Suara melengking dan nyaring masuk ke kupingku, mengalahkan teriakan-teriakan yang keluar dari headphone. Kursi gaming-ku berputar 180 derajat, membuat pandanganku beralih dari layar komputer hingga menghadapi sosok bertubuh besar yang sedang bertolak pinggang. Mata di balik bingkai itu melotot, tangan kirinya memegang headphone yang sudah pindah dari kepalaku.

“Mama! Apaan, sih? Lagi seru juga! Balikin sini! Entar kalah!” sungutku ketus.

“Dipanggilin dari tadi juga!” Mama balas berteriak. “Kuping jangan disumpal terus!”

“Kenapa, sih? Repot amat!” dengkusku hendak kembali merebut headphone.

Ekspresi Mama seketika berubah langit malam yang tiba-tiba siang. Senyumnya merekah seolah baru saja menang lotre. “Mama ada kabar baik!”

Aku mengernyitkan dahi, waspada. Biasanya Mama suka aneh-aneh kalau bilang ada kabar baik. “Apa?” 

Mama terkikik-kikik sambil menutupi mulut dengan tangan. Suaranya setengah berbisik saat berkata, “Mama udah nemu calon istri buat kamu!”

“Hah?” Sekarang aku yang ternganga. “Istri? Buat apa?”

“Buat dinikahin, dong, Chandra Kumara Dirandra!” pekik Mama gemas sambil mencubit pipi kananku. “Anak teman Mama di kantor. Mama udah lihat fotonya. Cantik, loh! Kamu pasti suka.”

Memutar bola mata, aku merebut headphone dari tangan Mama. “Nggak minat!” cetusku kembali menghadap PC.
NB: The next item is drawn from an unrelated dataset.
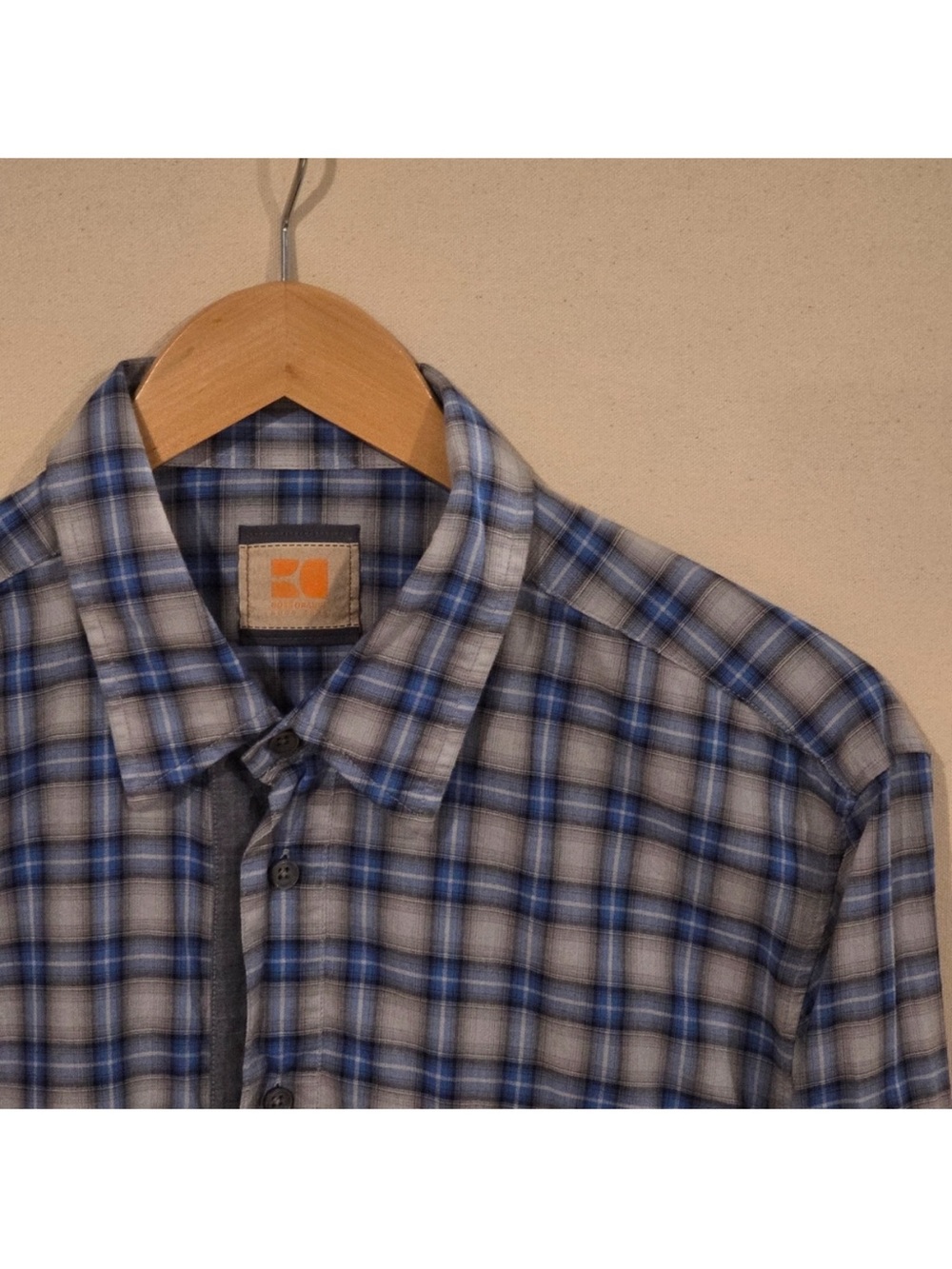 Hugo Boss Orange Button Down L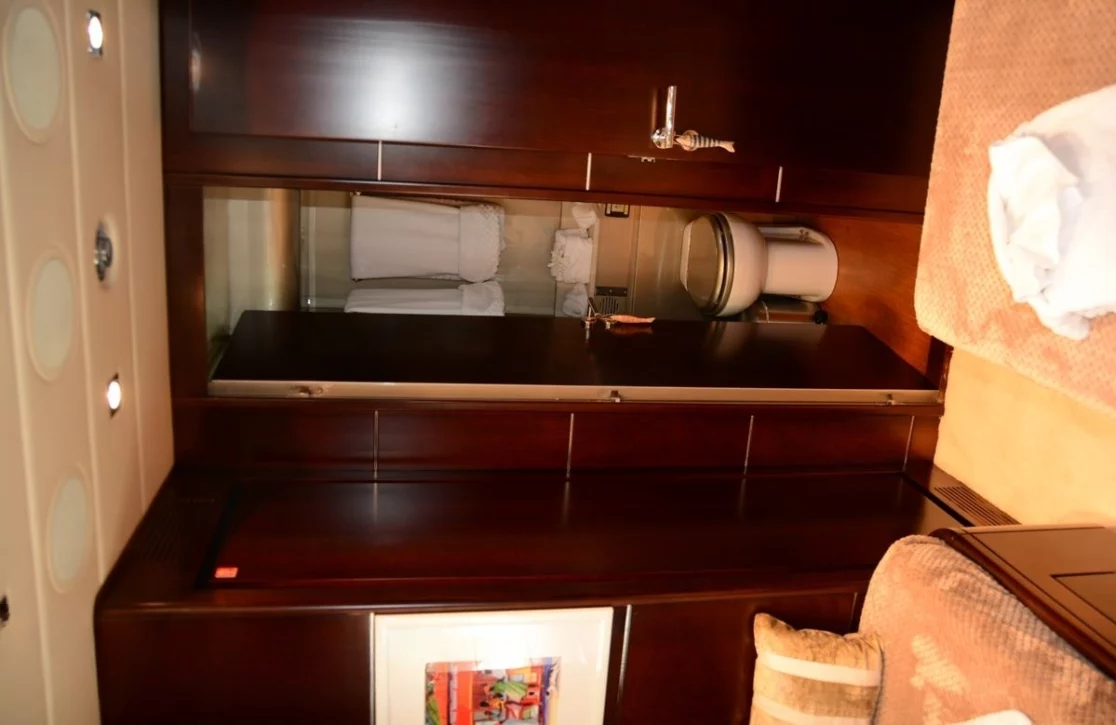 An image of Tender To yacht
Pandanganku kembali terhalang tubuh besar Mama seiring kursi yang terdorong ke belakang. “Ish! Dengar dulu! Kali ini Mama janji gadis itu baik-baik. Dia baru aja lulus dari Universitas Cendekia. Namanya Andhira Dayana Putri. Kata mamanya, anaknya pintar, ramah, baik, terus suka bikin-bikin kue gitu di rumah.”

“Terus?” tanyaku malas sambil menaikkan sebelah alis.

“Terus apa? Ya jelas dia calon istri dan mantu idamanlah! Kamu beruntung Mama bisa dapat gadis kayak dia.”

“Ya udah, Mama aja yang nikah sama dia!” tukasku malas. 

“Hus! Kamu ini!” Mama melotot sambil menjewer telingaku. “Kamu itu udah dua puluh delapan tahun, Chandra! Mau nikah umur berapa?”

Aku mengaduh kesakitan sambil melepaskan tangan Mama yang sekarang berubah seperti tang. “Nggak usah nikah kenapa, sih? Repot amat!” 

“Jangan bilang gitu. Toh, kamu tetap harus nikah. Mama, kan, nggak selamanya bisa temenin kamu. Mama nggak mau kamu sendirian,” desah Mama menurunkan volume suara.

“Mama ngomong apa, sih! Jangan ngomong yang aneh-aneh!” gerutuku merengut. “Chandra nggak mau nikah, biar bisa temenin Mama terus juga. Tapi kalo Mama mau nikah lagi, ya, terserah! Chandra nggak usah!”